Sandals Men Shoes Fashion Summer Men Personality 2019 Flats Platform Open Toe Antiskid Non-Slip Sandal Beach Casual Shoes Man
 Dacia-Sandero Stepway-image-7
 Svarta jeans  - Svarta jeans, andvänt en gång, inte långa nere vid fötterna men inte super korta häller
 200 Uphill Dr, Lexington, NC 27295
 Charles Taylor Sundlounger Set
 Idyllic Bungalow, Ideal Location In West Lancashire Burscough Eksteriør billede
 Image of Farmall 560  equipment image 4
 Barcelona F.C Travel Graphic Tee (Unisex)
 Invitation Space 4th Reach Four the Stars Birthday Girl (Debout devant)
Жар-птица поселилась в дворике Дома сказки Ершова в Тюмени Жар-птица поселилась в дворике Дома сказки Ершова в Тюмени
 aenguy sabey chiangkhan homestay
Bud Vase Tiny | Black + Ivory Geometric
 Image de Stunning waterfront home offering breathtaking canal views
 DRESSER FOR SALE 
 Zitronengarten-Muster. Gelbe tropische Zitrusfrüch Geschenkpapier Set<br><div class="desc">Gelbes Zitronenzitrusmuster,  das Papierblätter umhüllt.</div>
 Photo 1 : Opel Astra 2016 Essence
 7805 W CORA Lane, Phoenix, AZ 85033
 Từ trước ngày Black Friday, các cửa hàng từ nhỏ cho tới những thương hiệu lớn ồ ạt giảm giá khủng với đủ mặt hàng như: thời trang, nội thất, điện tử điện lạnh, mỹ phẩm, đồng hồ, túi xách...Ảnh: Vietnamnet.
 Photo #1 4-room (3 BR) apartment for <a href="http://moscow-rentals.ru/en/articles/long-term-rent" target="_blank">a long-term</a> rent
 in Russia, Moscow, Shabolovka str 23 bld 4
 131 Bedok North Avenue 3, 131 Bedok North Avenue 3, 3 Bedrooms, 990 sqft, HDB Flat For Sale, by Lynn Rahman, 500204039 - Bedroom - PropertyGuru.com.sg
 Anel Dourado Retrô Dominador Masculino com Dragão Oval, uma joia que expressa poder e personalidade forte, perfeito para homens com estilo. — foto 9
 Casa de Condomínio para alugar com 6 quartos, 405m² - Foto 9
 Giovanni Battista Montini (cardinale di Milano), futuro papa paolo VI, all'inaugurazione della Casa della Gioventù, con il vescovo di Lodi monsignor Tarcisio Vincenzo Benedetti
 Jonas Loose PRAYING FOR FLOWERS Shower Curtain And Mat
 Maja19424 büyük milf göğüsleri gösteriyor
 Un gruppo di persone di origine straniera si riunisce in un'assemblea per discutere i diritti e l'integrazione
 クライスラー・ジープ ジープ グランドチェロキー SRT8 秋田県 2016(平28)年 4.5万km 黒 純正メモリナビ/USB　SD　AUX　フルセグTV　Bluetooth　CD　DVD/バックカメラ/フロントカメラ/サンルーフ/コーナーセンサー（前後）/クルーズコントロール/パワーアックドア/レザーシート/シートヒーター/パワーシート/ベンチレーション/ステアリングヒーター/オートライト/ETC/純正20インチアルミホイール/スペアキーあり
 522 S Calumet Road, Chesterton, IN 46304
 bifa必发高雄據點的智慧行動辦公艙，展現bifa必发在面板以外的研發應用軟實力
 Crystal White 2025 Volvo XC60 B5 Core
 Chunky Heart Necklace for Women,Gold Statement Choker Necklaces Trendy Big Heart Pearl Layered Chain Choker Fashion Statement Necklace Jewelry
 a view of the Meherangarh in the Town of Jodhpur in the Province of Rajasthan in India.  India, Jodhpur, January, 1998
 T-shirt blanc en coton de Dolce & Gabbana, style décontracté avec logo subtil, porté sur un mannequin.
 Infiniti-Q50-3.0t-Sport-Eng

### Task goal
Everything above from the line containing "Casa de Condomínio" through the line containing "Maja19424 büyük milf göğüsleri gösteriyor" must be copied exactly. Nothing outside that range belongs in the answer.

### Output
 Casa de Condomínio para alugar com 6 quartos, 405m² - Foto 9
 Giovanni Battista Montini (cardinale di Milano), futuro papa paolo VI, all'inaugurazione della Casa della Gioventù, con il vescovo di Lodi monsignor Tarcisio Vincenzo Benedetti
 Jonas Loose PRAYING FOR FLOWERS Shower Curtain And Mat
 Maja19424 büyük milf göğüsleri gösteriyor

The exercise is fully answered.